760 Views Asked by At

Assume an initial (Unix) path [segment] like /var/log. Underneath this path, there might be an entire tree of directories. A user provides a pattern for folder names using Unix shell-style wildcards, e.g. *var*. Folders following the pattern underneath the initial path [segment] shall be matched using a regular expression given a full path as input, i.e. the initial path segment must be excluded from matching.

How would I build a regular expression doing this?


I am working with Python, which offers the fnmatch module as part of its standard library. fnmatch provides a translate method, which translates patterns specified using Unix shell-style wildcards into regular expressions:

>>> fnmatch.translate('*var*')
'(?s:.*var.*)\\Z'

I would like to use this for constructing my regular expressions.

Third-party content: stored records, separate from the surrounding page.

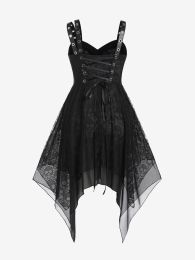 ROSEGAL Floral Print Lace Up Handkerchief Midi Dresses Summer Buckle Straps Sweetheart Neck Grommets Asymmetrical Gothic Dress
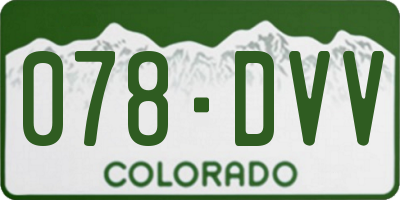 CO license plate 078DVV
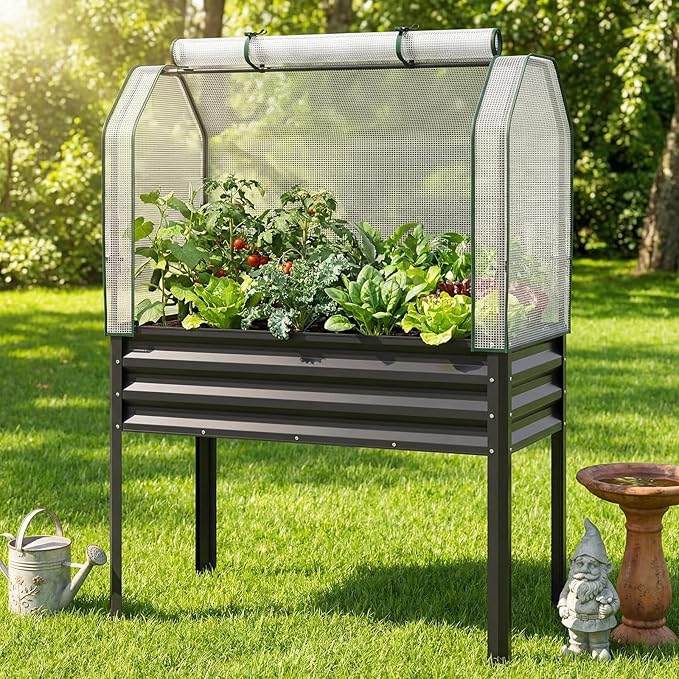 Giantex Raised Garden Bed with Legs & Greenhouse Cover, 44x22x60 Elevated Metal Planter Box with Roll-up Door, Outdoor Mini Greenhouse for Vegetable Flower Herb Patio Balcony (Black,1)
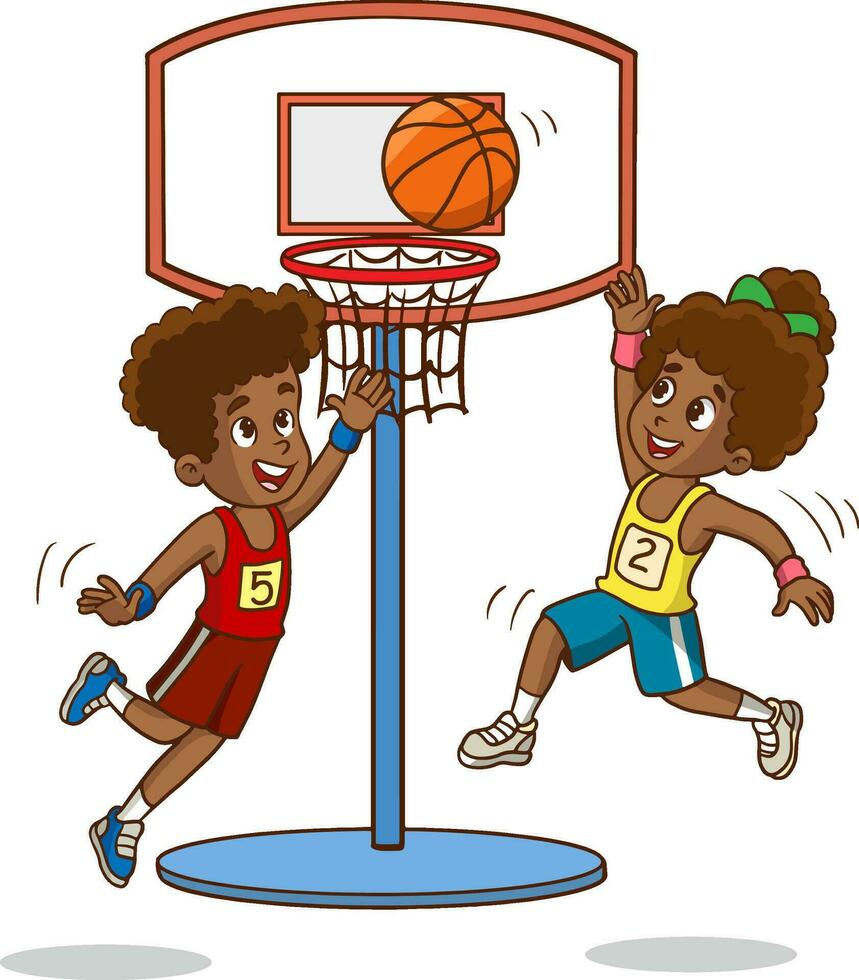 Cartoon Illustration of Black Kids Playing Basketball or Basketball Sport Game vector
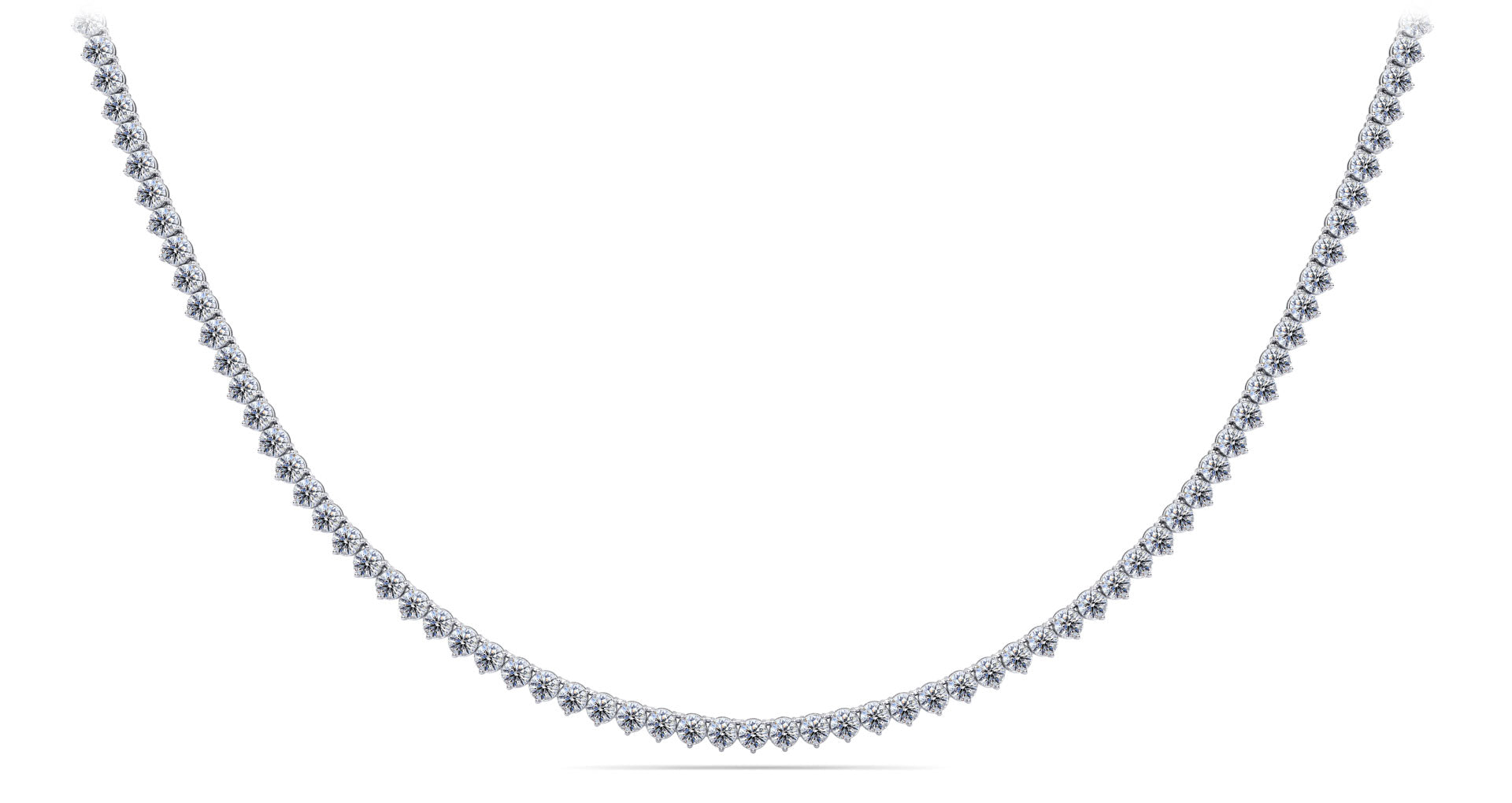 3 Prong Riviera Diamond Necklace Lab-Grown Diamond  with 5.71 ct.(finished) 2mm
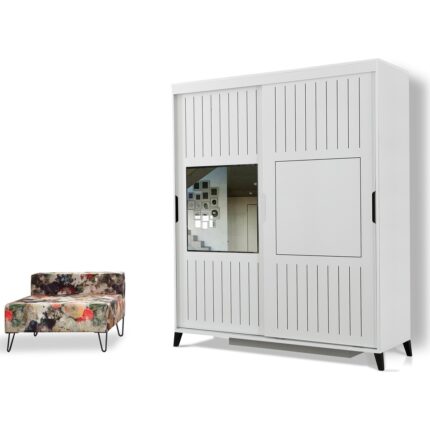 Pasific Home Huga Sürgülü 2 Kapaklı Aynalı Gardırop, Beyaz, 150 cm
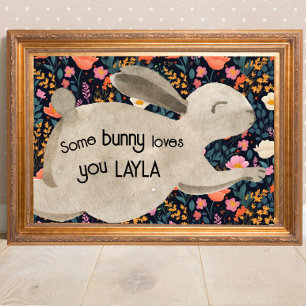 Affiche Bois Cottagecore Bunny Aquarelle Florale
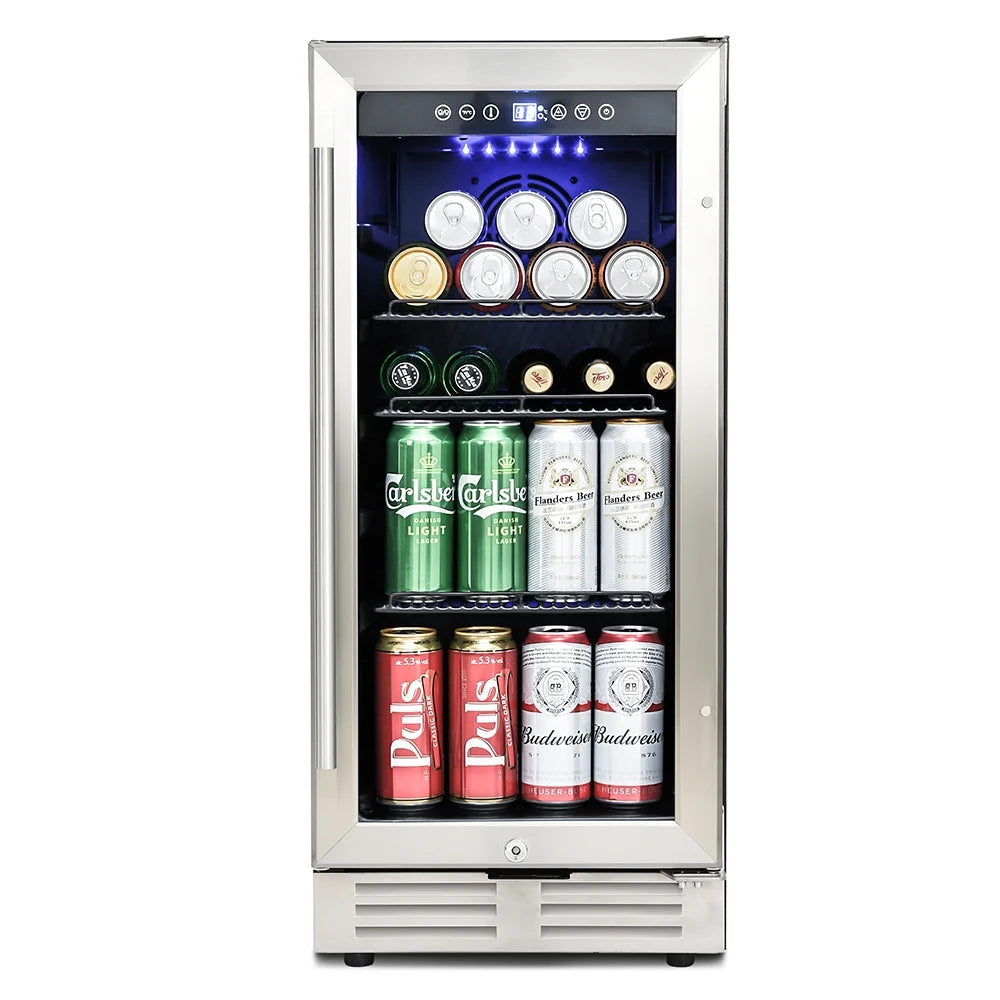 Freestanding Beverage Refrigerator Stainless Steel 120-Can Capacity C641104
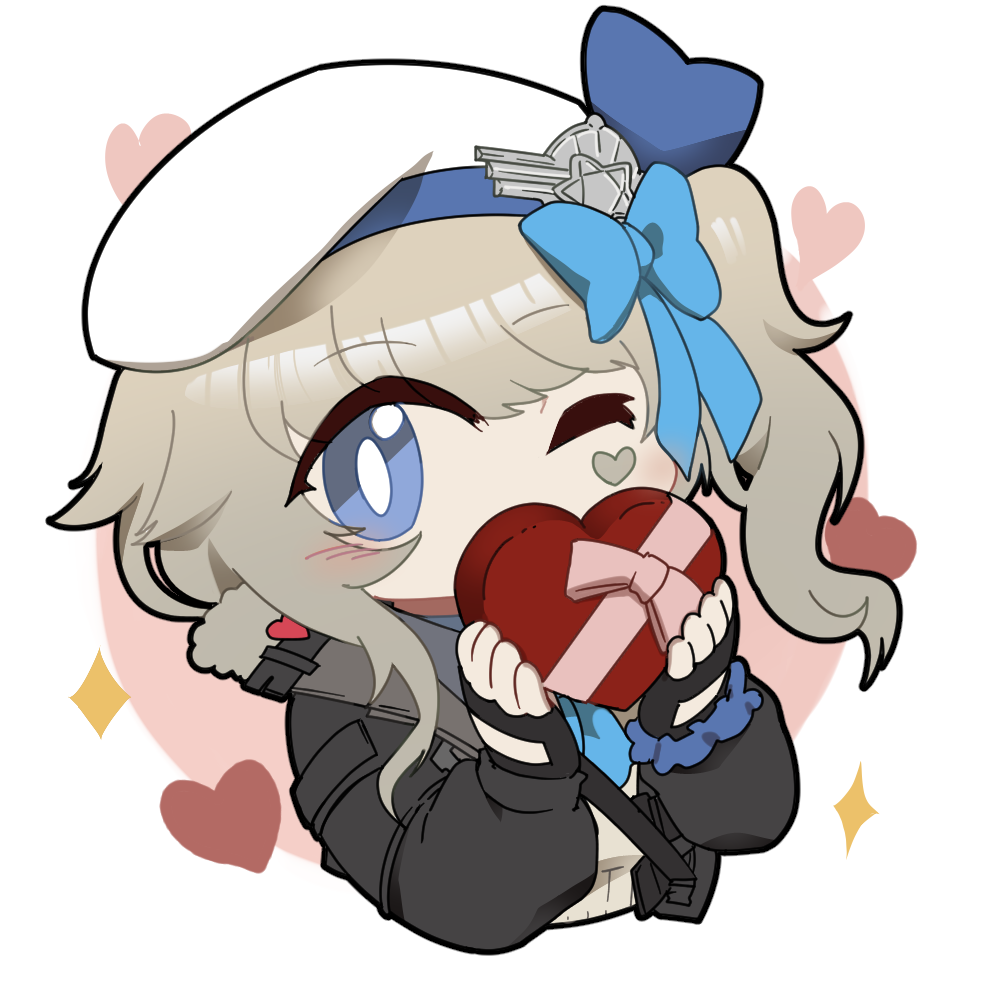 1girl beret blonde_hair blue_eyes blue_ribbon blush box chibi chibi_only chinese_commentary cropped_torso facial_mark fur-trimmed_jacket fur_trim girls&#039;_frontline girls&#039;_frontline_2:_exilium hair_ribbon happy_valentine hat heart heart-shaped_box heart_facial_mark jacket looking_at_viewer madcore official_art one_eye_closed ribbon second-party_source side_ponytail solo sparkle vepley_(girls&#039;_frontline_2)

Matching input paths could look this this:

  • /var/log/foo/var/bar
  • /var/log/foo/avarb/bar
  • /var/log/var/

Not matching input paths could look like this:

  • /var/log
  • /var/log/foo/bar

The underlying issue is that I have to provide the regular expression to a third-party module, pyinotify, as input. I can not work around this by just stripping the initial path segment and then matching against the remainder ...

1

There are 1 best solutions below

0
On BEST ANSWER

You should be able to do a negative look behind like so:

(?<!^\/)var

Both positive and negative look behinds are really useful when doing regex. Also here is an interactive example so you can get a feel on how it works with visual feedback: https://regex101.com/r/52sZjw/1 another example https://regex101.com/r/F023eD/1/ Not exactly sure how you can use this with fnmatch. It really looks like you might end up building the strings yourself, that is when the users input will match part of the path you want to exclude.